Source records:
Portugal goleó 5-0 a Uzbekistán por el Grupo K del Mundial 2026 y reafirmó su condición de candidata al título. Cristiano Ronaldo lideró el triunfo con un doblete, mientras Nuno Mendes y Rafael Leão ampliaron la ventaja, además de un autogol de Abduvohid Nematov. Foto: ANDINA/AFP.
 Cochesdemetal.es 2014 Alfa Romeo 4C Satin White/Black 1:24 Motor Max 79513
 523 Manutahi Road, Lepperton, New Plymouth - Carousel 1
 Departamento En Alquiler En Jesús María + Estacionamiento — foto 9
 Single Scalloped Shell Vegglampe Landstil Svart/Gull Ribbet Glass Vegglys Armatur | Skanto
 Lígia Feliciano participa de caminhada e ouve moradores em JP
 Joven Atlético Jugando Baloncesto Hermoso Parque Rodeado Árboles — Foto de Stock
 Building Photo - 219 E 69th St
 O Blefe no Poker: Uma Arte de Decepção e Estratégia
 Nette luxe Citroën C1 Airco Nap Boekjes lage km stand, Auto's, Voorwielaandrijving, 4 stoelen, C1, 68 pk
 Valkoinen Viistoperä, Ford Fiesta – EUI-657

▶ **Work task**:
Repeat each entry above exactly as it appears.

▶ **Task solution**:
Portugal goleó 5-0 a Uzbekistán por el Grupo K del Mundial 2026 y reafirmó su condición de candidata al título. Cristiano Ronaldo lideró el triunfo con un doblete, mientras Nuno Mendes y Rafael Leão ampliaron la ventaja, además de un autogol de Abduvohid Nematov. Foto: ANDINA/AFP.
 Cochesdemetal.es 2014 Alfa Romeo 4C Satin White/Black 1:24 Motor Max 79513
 523 Manutahi Road, Lepperton, New Plymouth - Carousel 1
 Departamento En Alquiler En Jesús María + Estacionamiento — foto 9
 Single Scalloped Shell Vegglampe Landstil Svart/Gull Ribbet Glass Vegglys Armatur | Skanto
 Lígia Feliciano participa de caminhada e ouve moradores em JP
 Joven Atlético Jugando Baloncesto Hermoso Parque Rodeado Árboles — Foto de Stock
 Building Photo - 219 E 69th St
 O Blefe no Poker: Uma Arte de Decepção e Estratégia
 Nette luxe Citroën C1 Airco Nap Boekjes lage km stand, Auto's, Voorwielaandrijving, 4 stoelen, C1, 68 pk
 Valkoinen Viistoperä, Ford Fiesta – EUI-657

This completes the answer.